The Nazi-hunting Simon Wiesenthal Centre has said that Australia risked becoming an international joke if it accepted alleged death camp officer Konrad Kalejs following his expulsion from Britain. The Australian Government has quite rightly taken that risk. In the end, Australia will be seen as applying the rule of law to the case. Australian authorities require evidence before they can arbitrarily refuse entry to the country of one of its citizens. Australian authorities will require enough evidence to arrest and charge Mr Kalejs under the War Crimes Act or evidence that he obtained his Australian citizenship by fraud before it can be taken away so that he can be deported to Latvia.

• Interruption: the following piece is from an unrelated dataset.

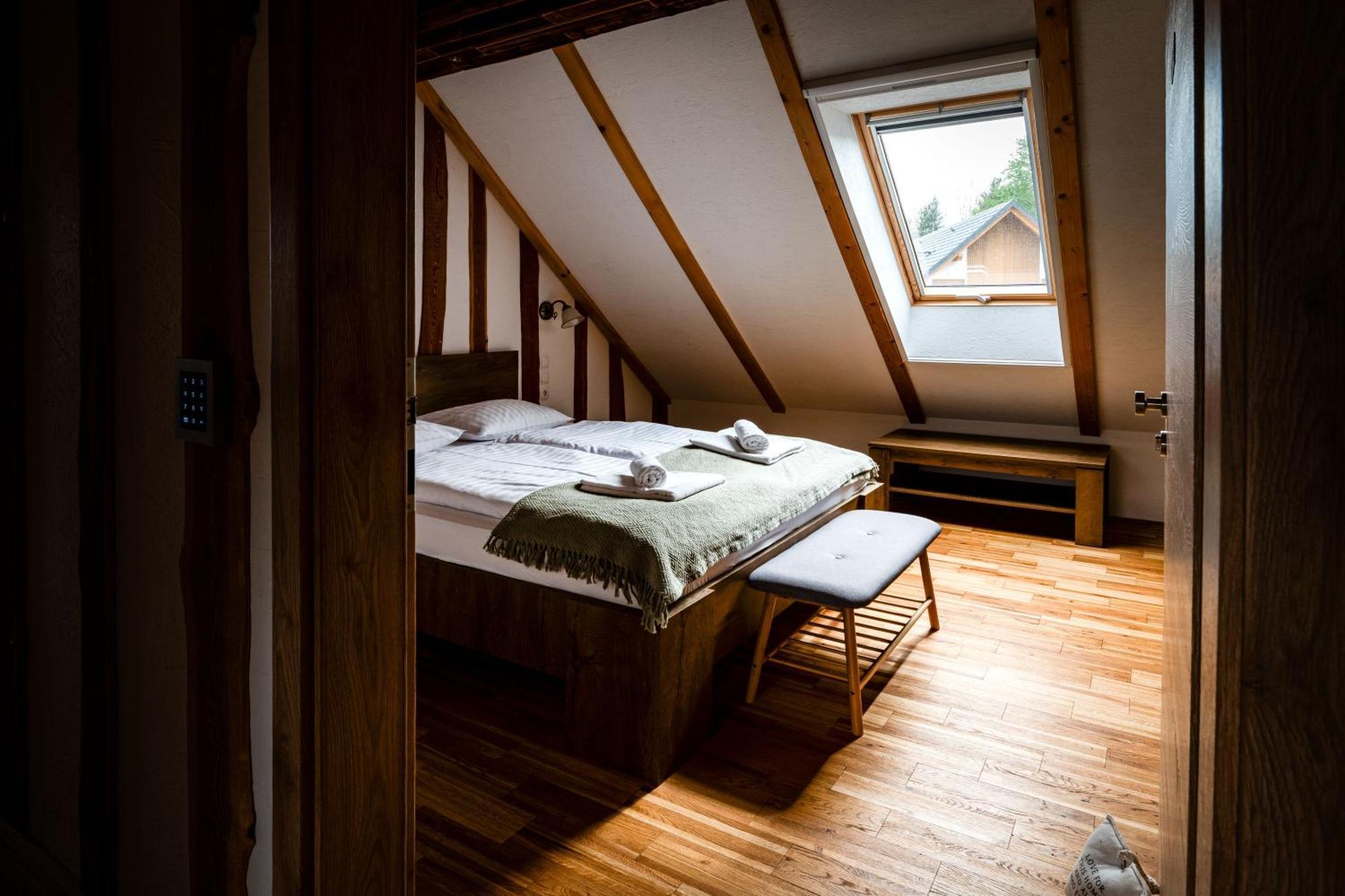 Vila Turisticna Kmetija Grabnar Bled Exteriér fotografie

The Wiesenthal Centre alleges that Mr Kalejs, 86, was a member of a death squad in Latvia during World War II. In response, Immigration Minister Philip Ruddock says Australia will not be bullied into banning Mr Kalejs’ return.

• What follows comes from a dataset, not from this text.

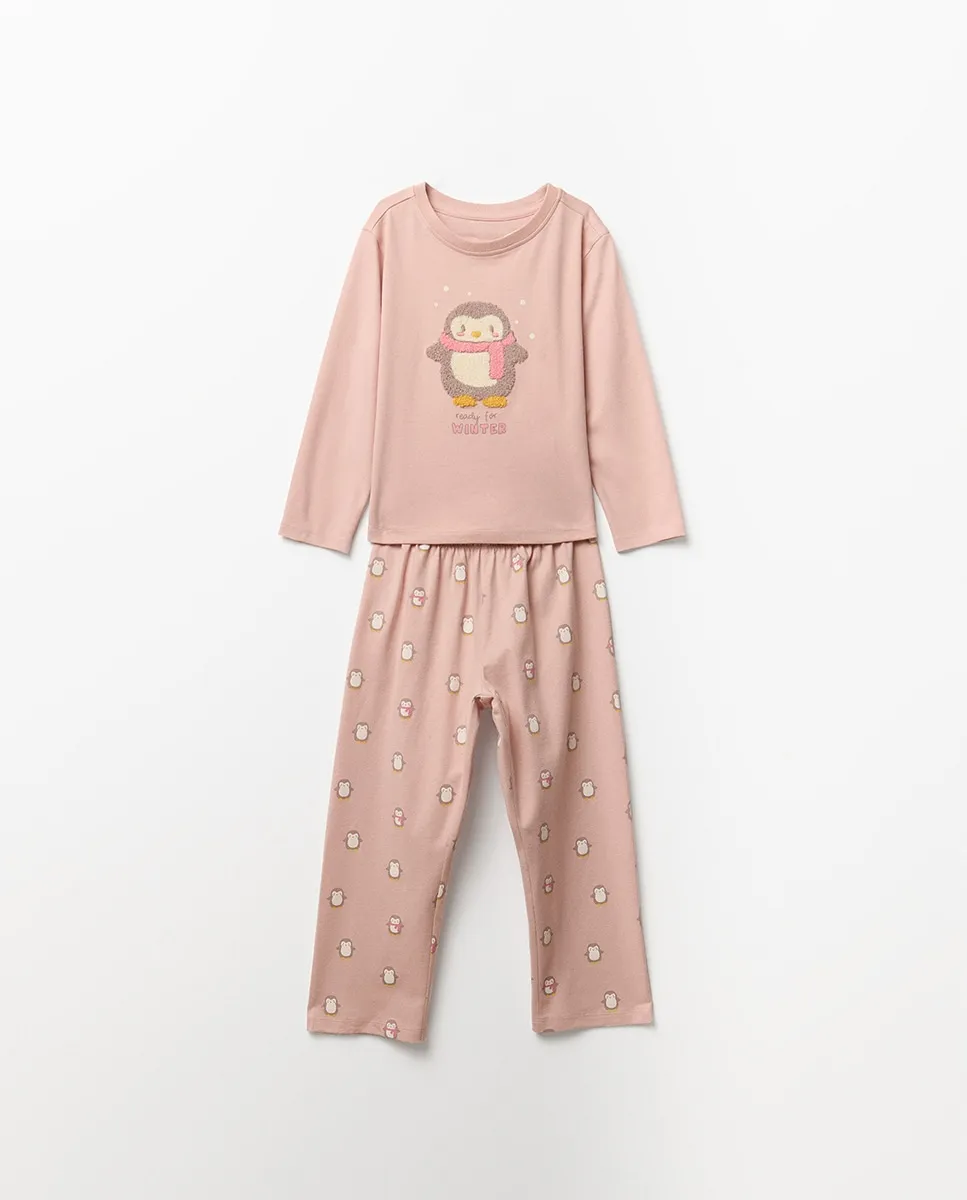 Пижама пингвин Sfera, розовый
Пижама пингвин Sfera, розовый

Mr Ruddock is right. Australian citizenship carries with it a right of residence and a right to be presumed innocent until proved guilty. If Australian authorities deported a citizen, it would breach that right. Indeed, it would be stooping to the very arbitrary rule and abrogation of the rule of law that was so repulsive in the Nazi regime.

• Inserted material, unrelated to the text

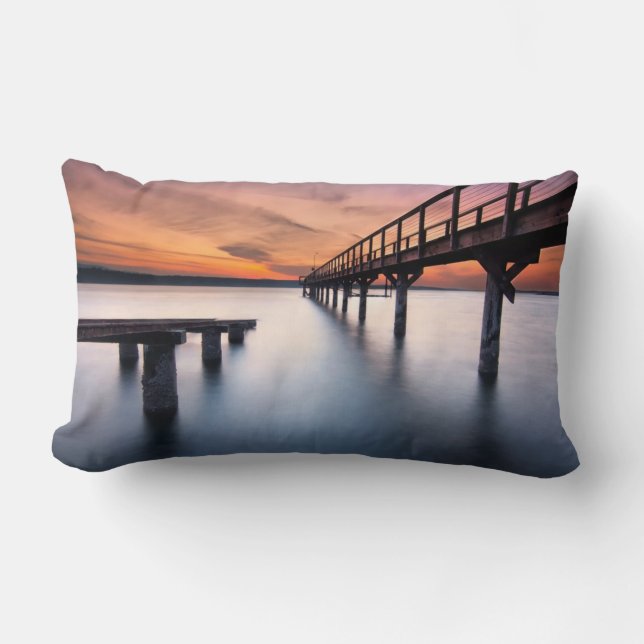 Almofada Lombar Cuspes do gêmeo (Frente)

By all means Australian authorities should assess, as quickly as possible, whether Mr Kalejs obtained his citizenship by fraud and whether there is enough evidence to mount a case to revoke it. And Australian authorities should assess the evidence to make a war crimes charge. The latter, however, is fraught with difficulty. Britain, which has similar war-crimes laws as Australia and similar procedures for prosecution has not moved to arrest Mr Kalejs. It has moved to expel him, as it is entitled to do, merely on the ground that he is not a British citizen and therefore has no right of abode in Britain.